(Beginning of DATA)

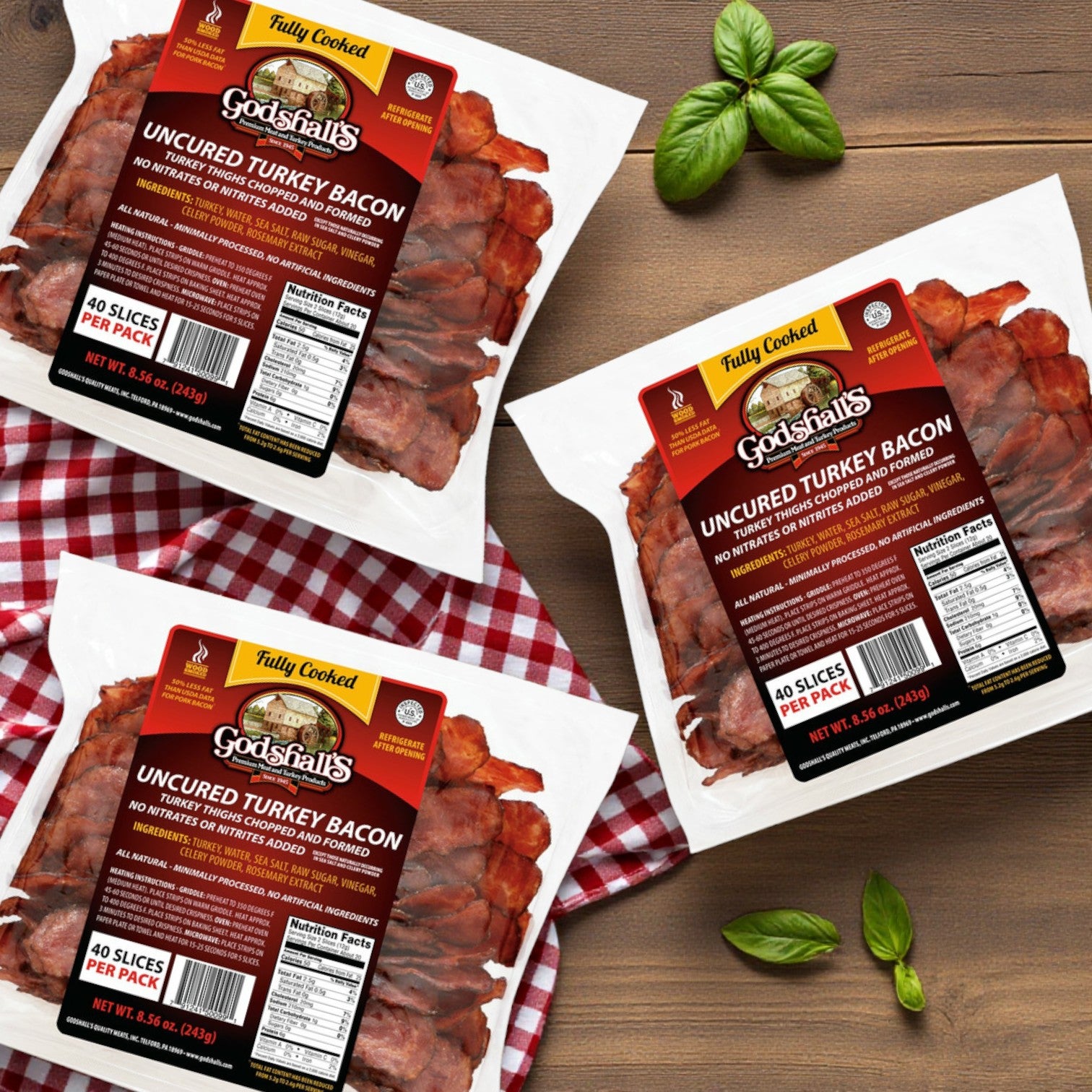 Three packs of Godshall's Uncured Fully-Cooked Turkey (40 oz each) are displayed on a wooden surface with basil leaves and a red checkered cloth.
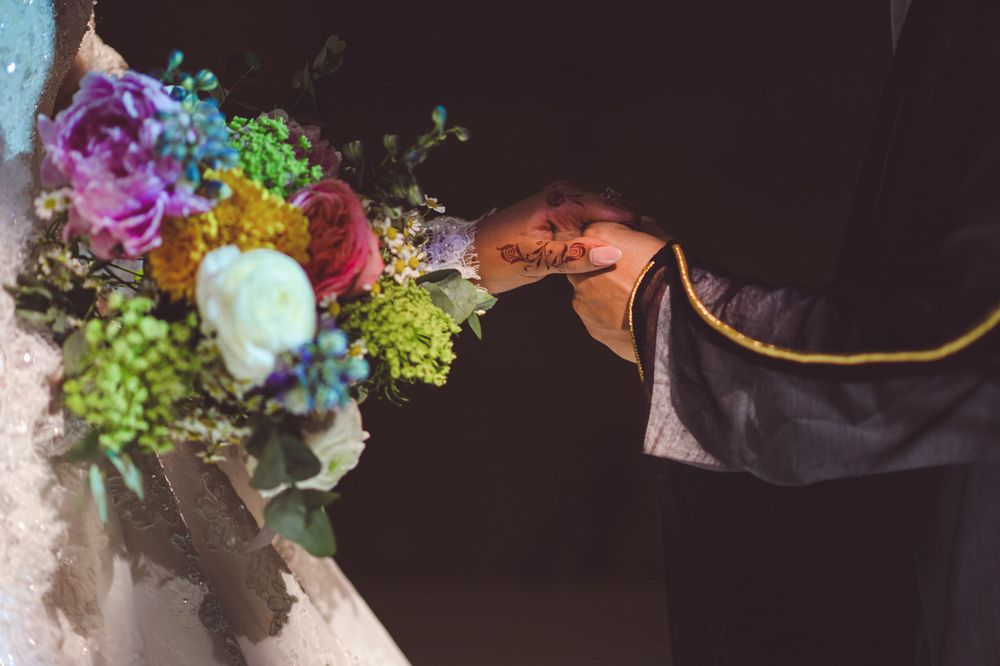 Bride and groom exchanging rings with a colorful wedding bouquet featuring purple, pink, and green flowers.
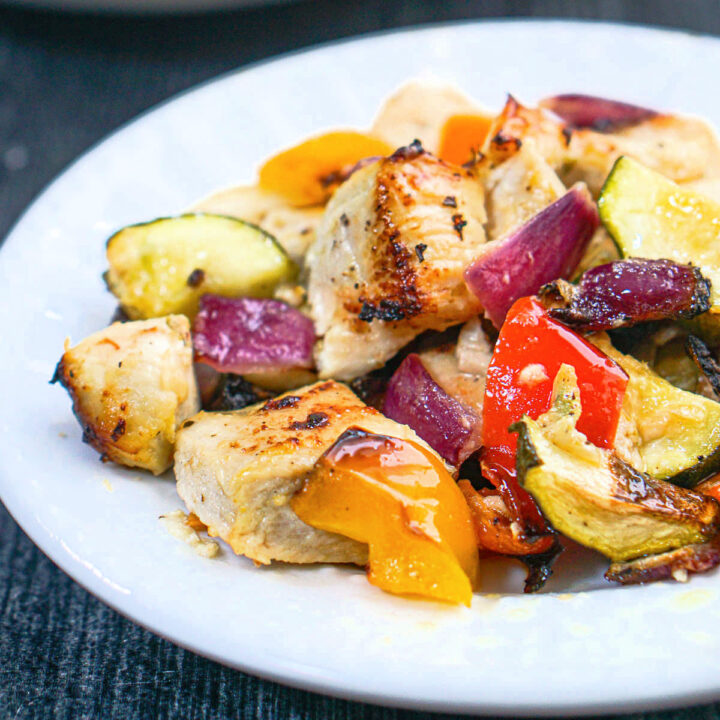 Closeup of a white plate with a serving of low carb air fryer chicken bites and vegetables.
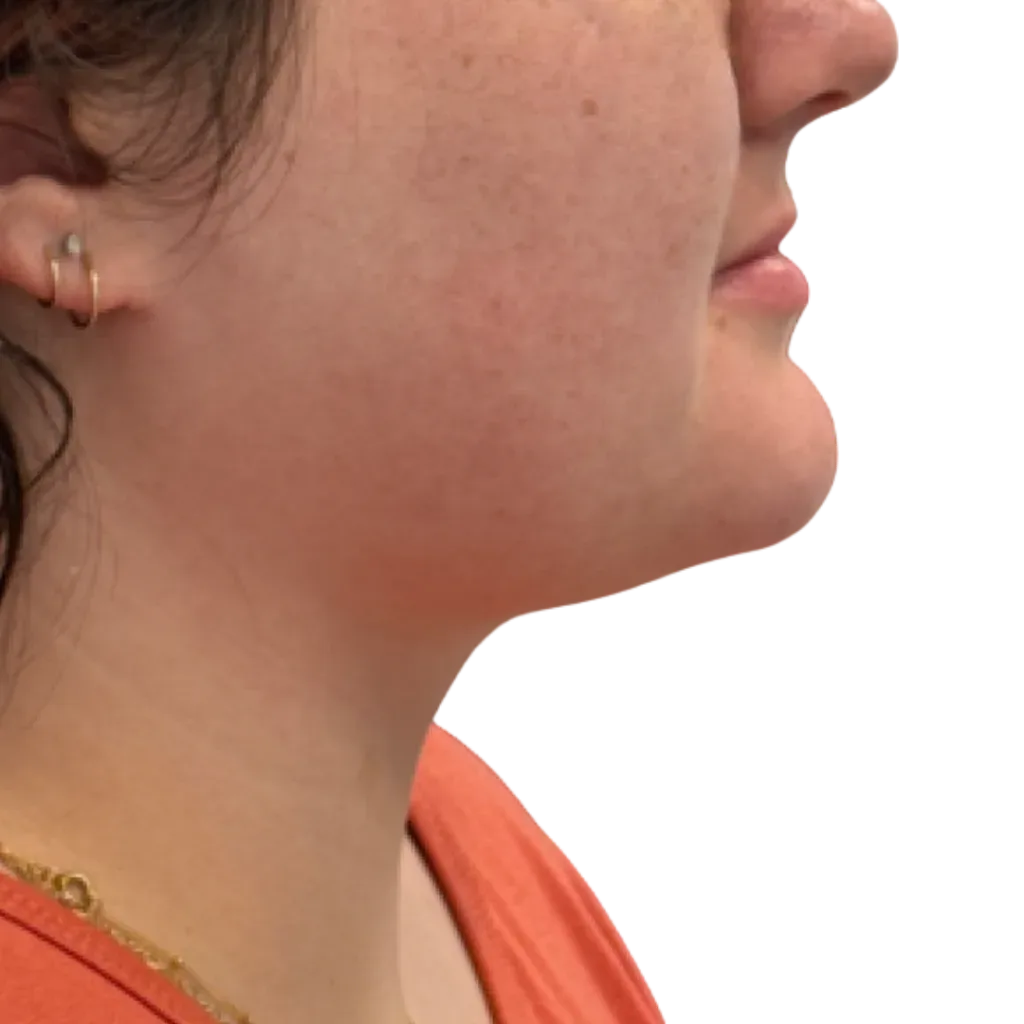 Side profile of a person with a small gold hoop earring, wearing an orange top against a white background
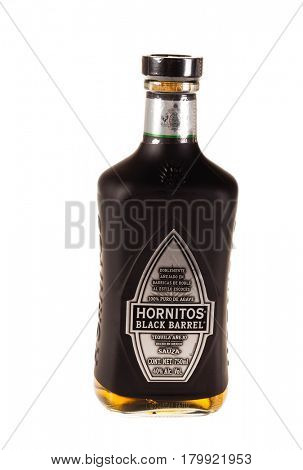 Colbert, WA - April 1, 2017: Hornitos Black Barrel Mexican tequila isolated on white, illustrative editorial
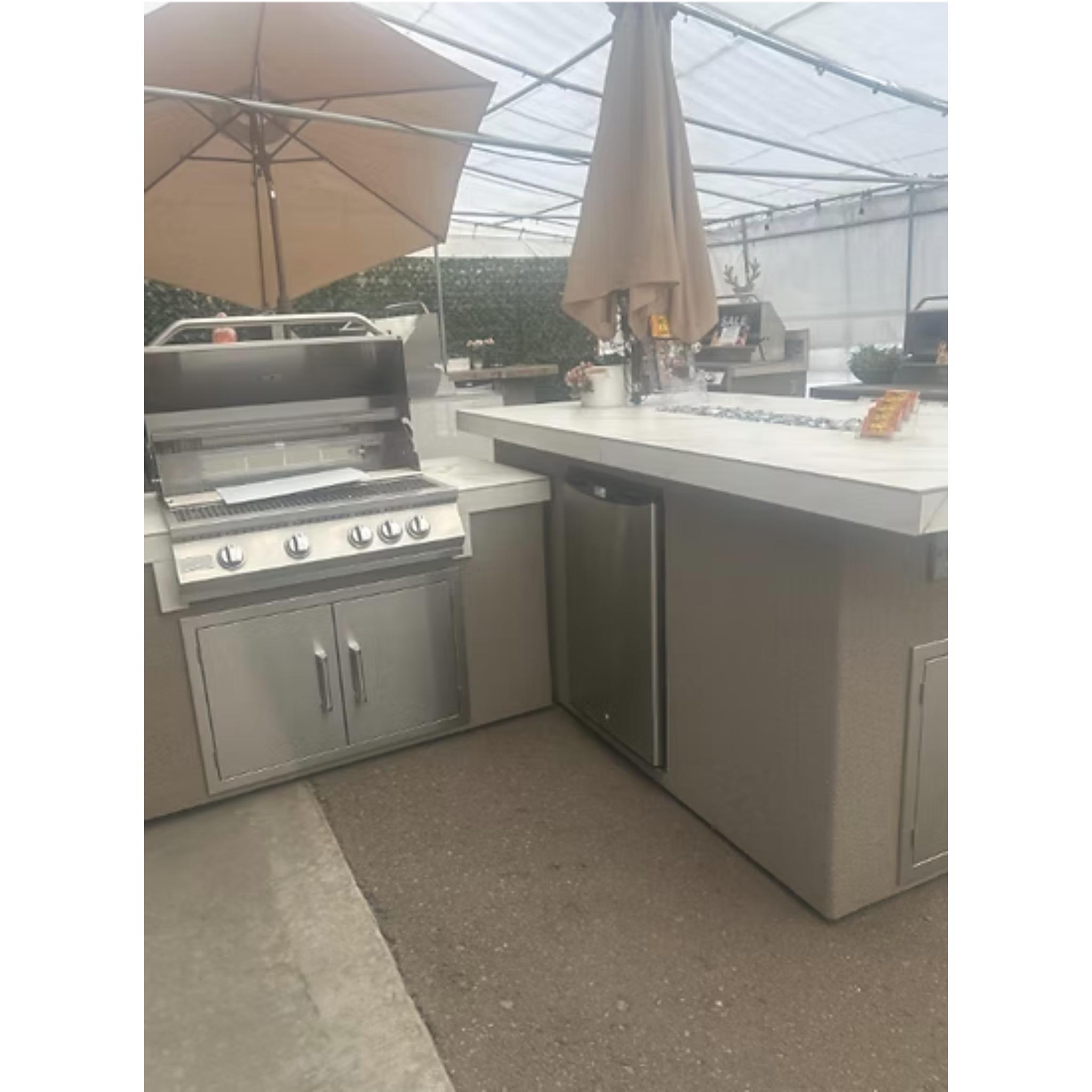 Outdoor kitchen with stainless steel grill and refrigerator under a clear roof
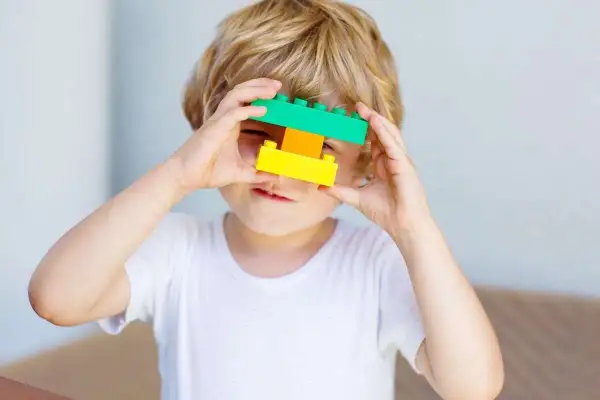 5 letnie dziecko bawi się klockami, tworząc z nich okulary.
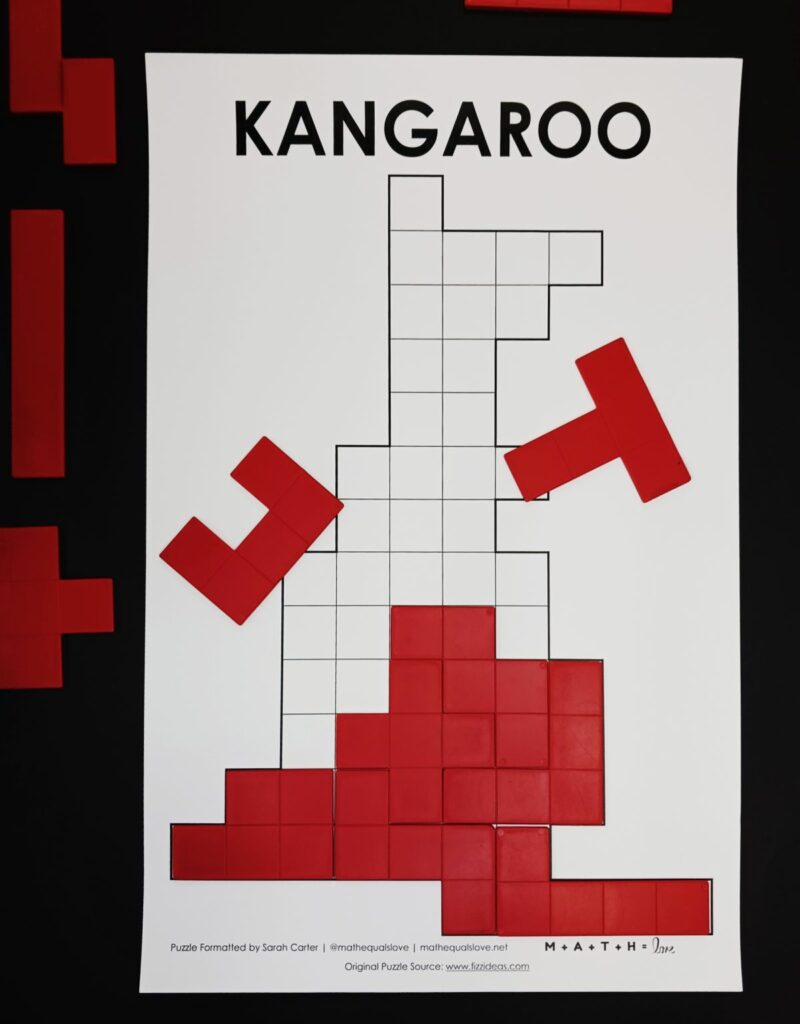 partially solved pentominoes kangaroo puzzle.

(End of DATA)

TO DO: Reproduce the listing exactly, but omit every picture in it.

RESPONSE TO THE EXERCISE:
 Three packs of Godshall's Uncured Fully-Cooked Turkey (40 oz each) are displayed on a wooden surface with basil leaves and a red checkered cloth.
 Bride and groom exchanging rings with a colorful wedding bouquet featuring purple, pink, and green flowers.
 Closeup of a white plate with a serving of low carb air fryer chicken bites and vegetables.
 Side profile of a person with a small gold hoop earring, wearing an orange top against a white background
 Colbert, WA - April 1, 2017: Hornitos Black Barrel Mexican tequila isolated on white, illustrative editorial
 Outdoor kitchen with stainless steel grill and refrigerator under a clear roof
 5 letnie dziecko bawi się klockami, tworząc z nich okulary.
 partially solved pentominoes kangaroo puzzle.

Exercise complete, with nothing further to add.